• Thu
  • Sep 18, 2014
  • Updated: 10:14am

Supernatural crash and burn

PUBLISHED : Sunday, 11 March, 2007, 12:00am
UPDATED : Sunday, 11 March, 2007, 12:00am

Nicholas Cage doesn't need to convince us that he looks good in leather - he proved that in David Lynch's Wild at Heart some 17 years ago. But he's trying to prove how well he's ageing. He gets the leathers out again and sets himself on fire in Ghost Rider, a popcorn action movie based on a supernatural character from Marvel Comics.

Johnny Blaze is a motorcycle stuntman by day and a skeleton biker with a fiery skull by night. He got his nighttime job as an arsonist working for the devil when he was young - so young that he believed in the demon Mephistopheles (played by an evil-looking Peter Fonda) and traded his soul for the life of his biker-partner dad.

The demon leaves his new servant alone for many years, during which Blaze leaves his childhood sweetheart Roxanne (Eva Mendes) for good, becomes the world's most famous biker and gets addicted to jelly beans and Carpenters' music.

Then one day, Mephistopheles' son Blackheart (Wes Bentley) appears and demands that his demon father give him a magical contract allowing him to rule the world.
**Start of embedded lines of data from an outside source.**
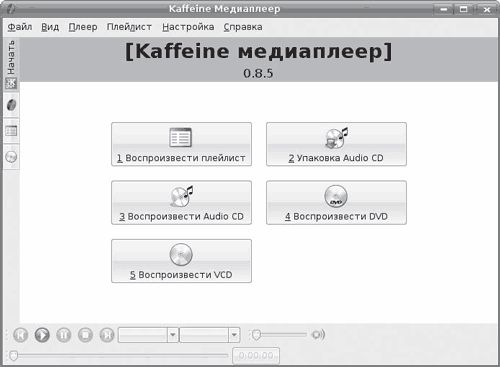 Сергей Яремчук - 200 лучших программ для Linux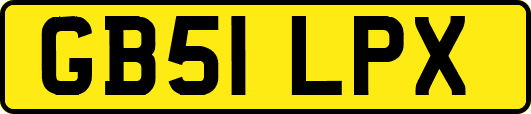 GB51LPX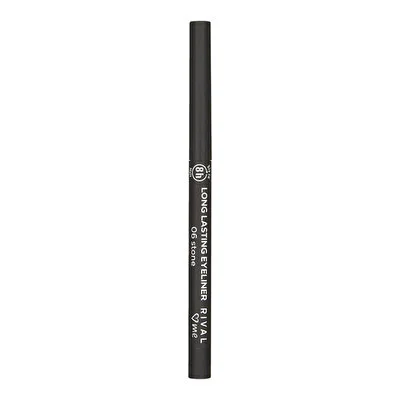 Rival Loves Me Rival Loves Me Eyeliner No:06 Long Lasting Stone 1 adet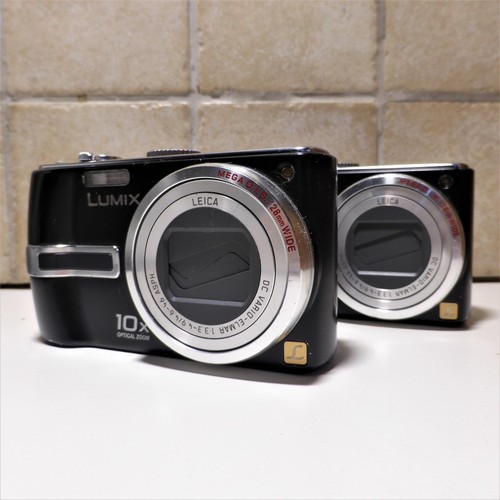 Lotto panasonic lumix - panasonic, dmc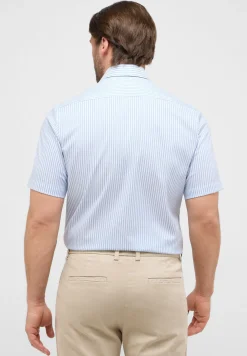 Hemd Twill Langarm
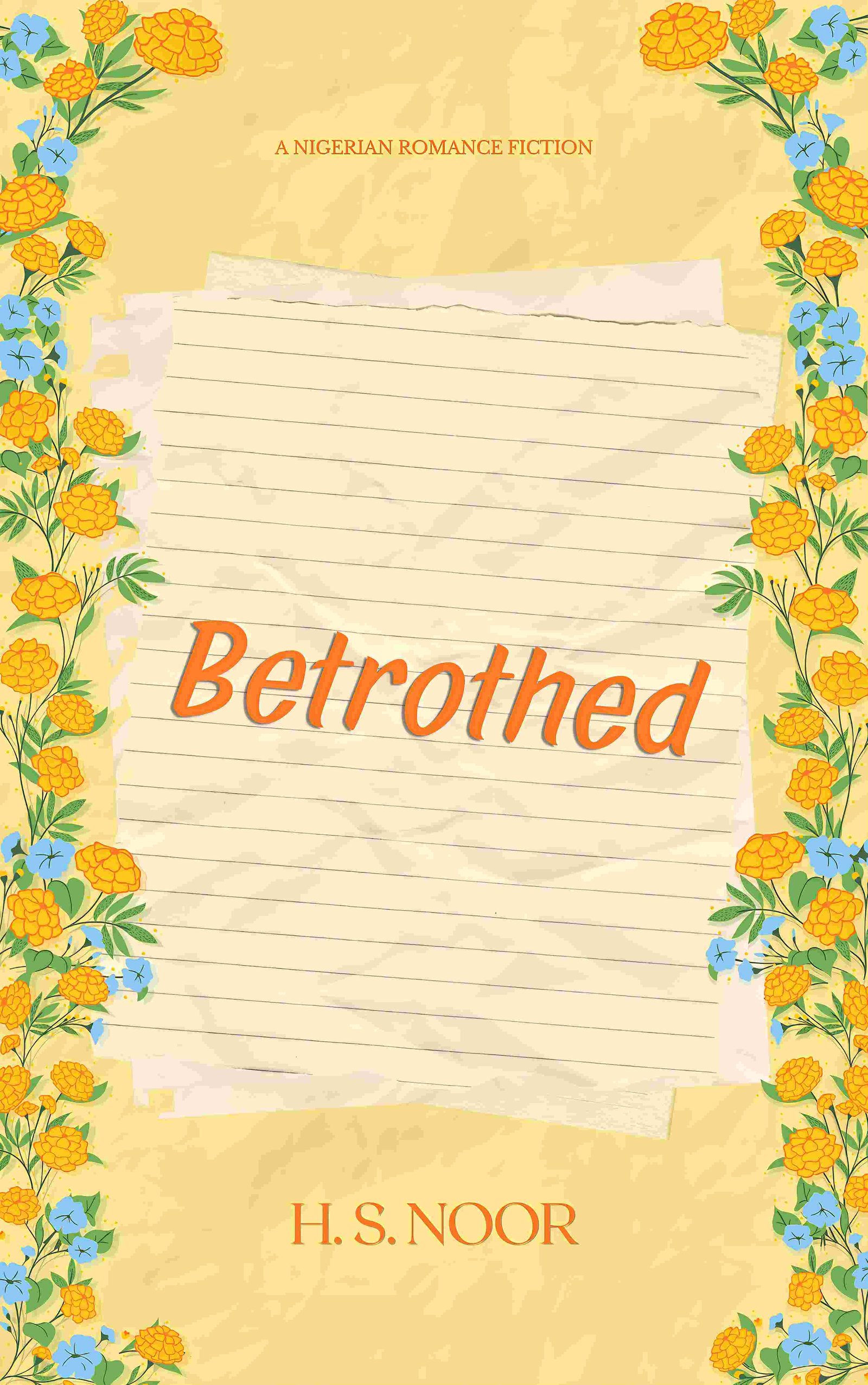 Betrothed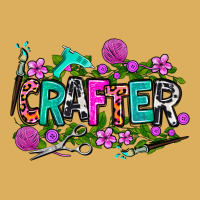Crafter Premium Hoodie | Teevron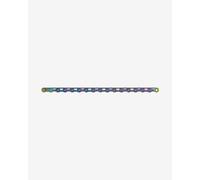 Chain SRAM Red E1 12V 114 links Rainbow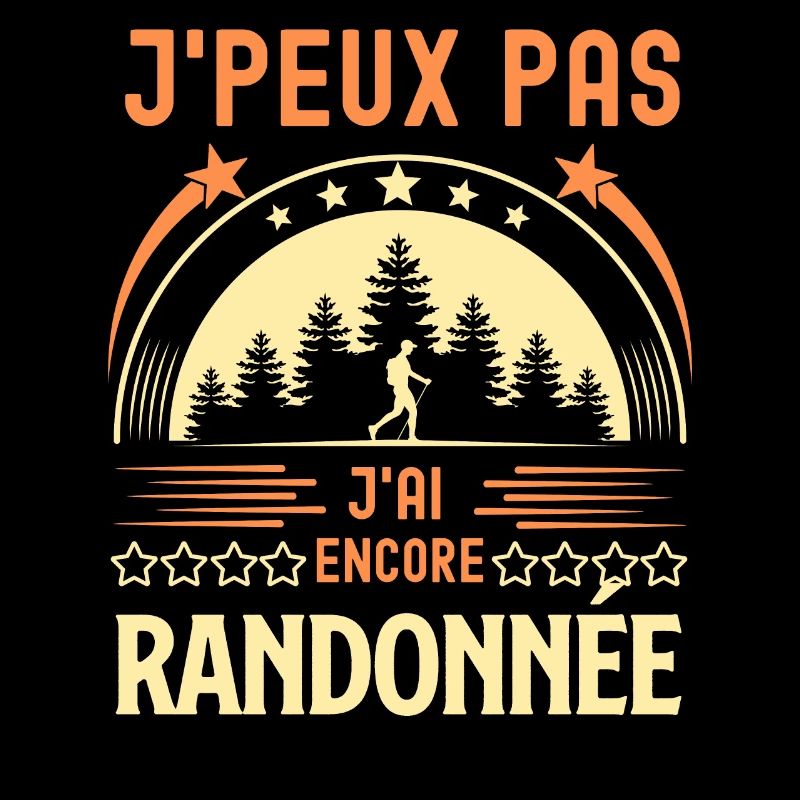 Rando randonnée montagnes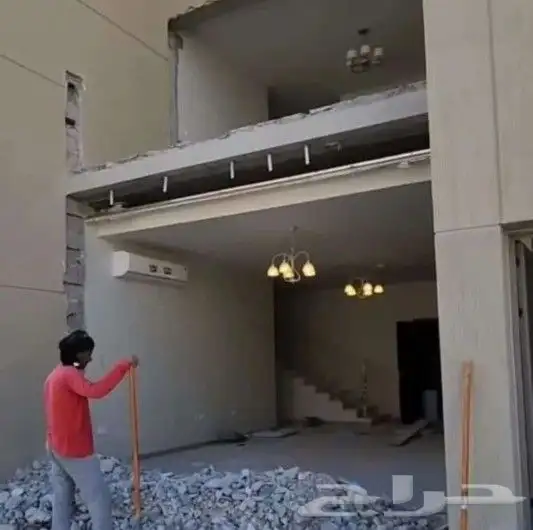 ترميم وصينات عوازل اصباغ الخبر 2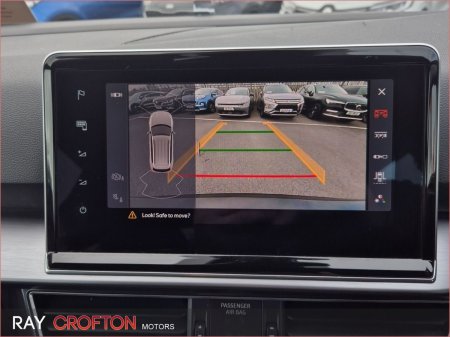 2023 SEAT Tarraco - photo 18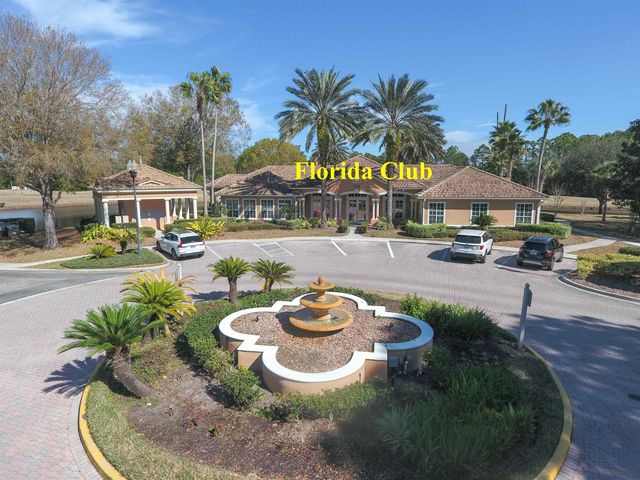 520 Florida Club Blvd 103, St Augustine, FL 32084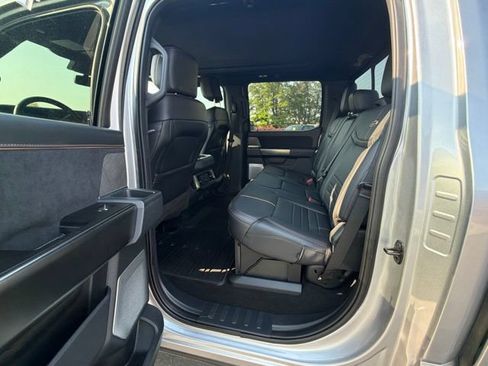 Used 2023 Ford F350 Platinum AWD/4WD image 11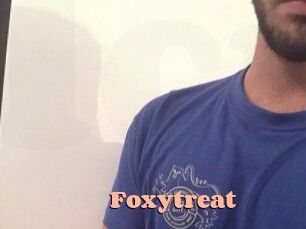 Foxytreat
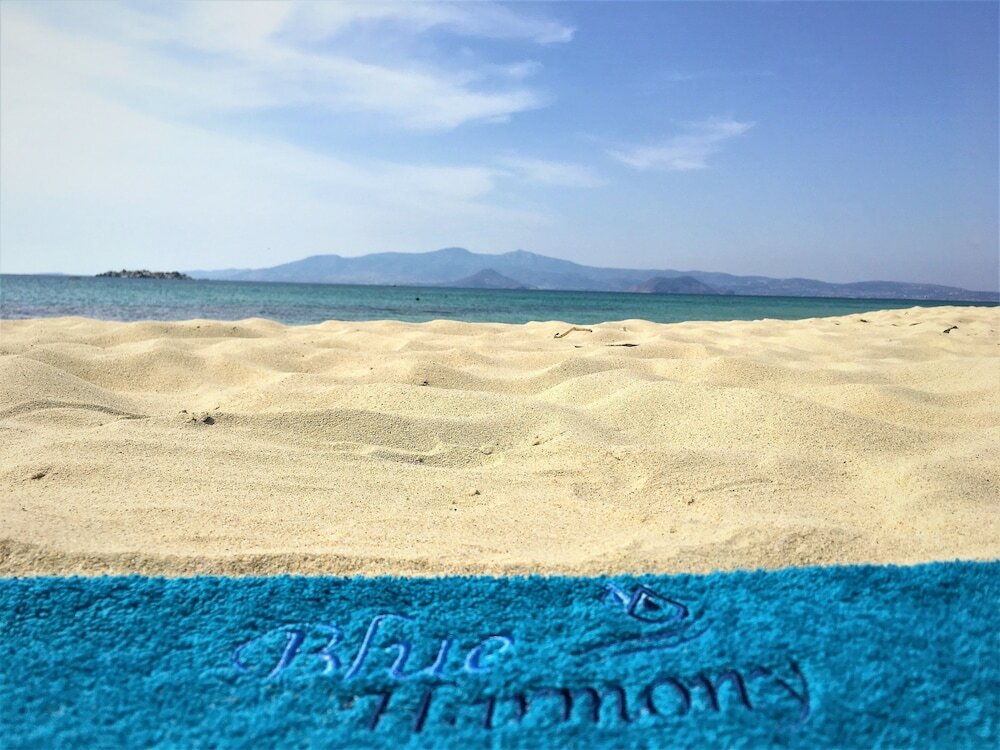 Фото Blue Harmony Apartments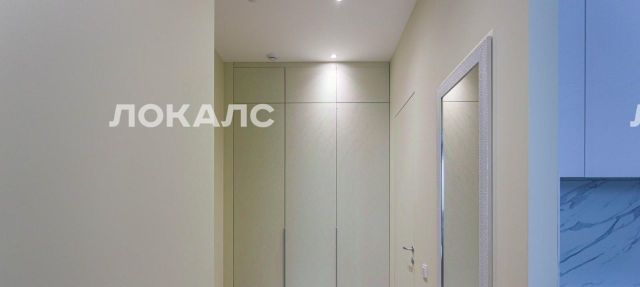 Снять 2-к квартиру на проспект Генерала Дорохова, 39к2Л, метро Минская, г. Москва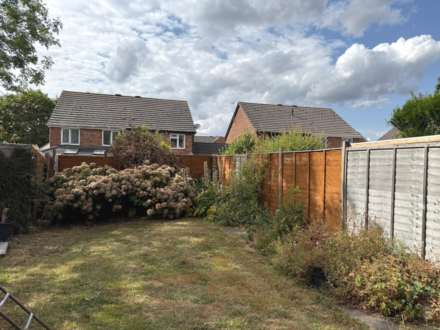 Miersfield, High Wycombe, Image 14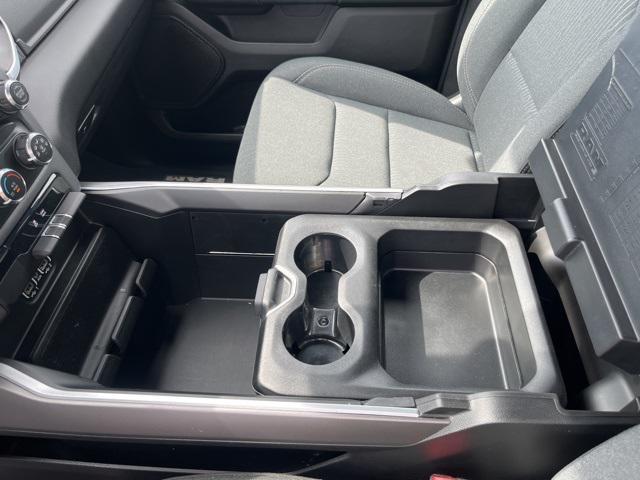 used 2022 Ram 1500 car, priced at $35,943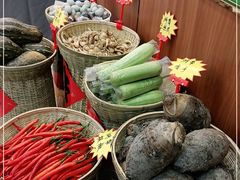 -潇湘码头·鲜湘菜(清河店)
The demon calls for Blaze's service to get rid of his rebel son, who is aided by a couple of vengeful spirits.

Written and directed by Mark Steven Johnson, the film works like a comic book, offering plenty of colourful visuals but very little logic or coherency. Despite being the first instalment of a potential comic book film series, it feels like the 100th.

The action sequences, which mostly involve setting bad guys on fire or whipping them with a flaming iron chain, are hardly exciting compared to the X-Men series.

Ironically, the film works well before its stars show up. Matt Long, who plays the young Blaze, is as cool as Tom Cruise in Top Gun. And the charming girl who plays the young Roxanne can at least act with her clothes fully buttoned, unlike Mendes whose acting talents are underused.

As for Cage, he plays his guilt-ridden and tortured character so intensely that he spends the film looking constipated. In the end, the character just collapses under Cage's ambitions. You can't play a comic book character as if he were Hamlet. It just isn't worth the effort.